All optimization passes run after ingest. This is not a limitation — it is architecturally correct. Optimization requires corpus-wide frequency statistics, and by the time passes run, all content has been converted to compact integer sequences. The inner loop is integer comparison, not string handling.
Format auto-detection, text extraction, tokenization, and resolution. Produces Token DB + Corpus DB in arrival-order ID space. The corpus is immediately usable.
A single pass over the Corpus DB builds a ranked (token → frequency) table. This is the prerequisite for all subsequent optimization.
Assigns the shortest IDs to the highest-frequency tokens. Both deduplication and ID compression now concentrate savings on exactly the same tokens — correlated gains on the Zipfian head.
Identifies candidate bigrams and n-grams whose collapse would yield net storage savings. Thresholds are evaluated against actual post-remap ID costs — accurate arithmetic, correct commit decisions.
Commits qualifying phrase IDs, physically shortening sequence files.
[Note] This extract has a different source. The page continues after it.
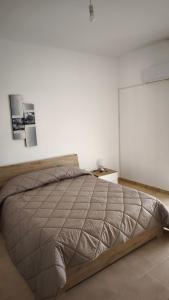 Vitachiara apartment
Progressive: as the corpus deepens, more phrases cross the threshold. Compression improves organically with scale.
Evermore is an active design-and-implementation project. The specification is mature — at version 17 — and the addressing scheme has reached formal specification at v1.2. The architecture is fully defined; implementation is underway.
The corpus is in a valid, lossless, fully reconstructable state at every point in the pipeline. Optimization is never a prerequisite for reconstruction — it is an improvement to compression efficiency on top of an already-correct system.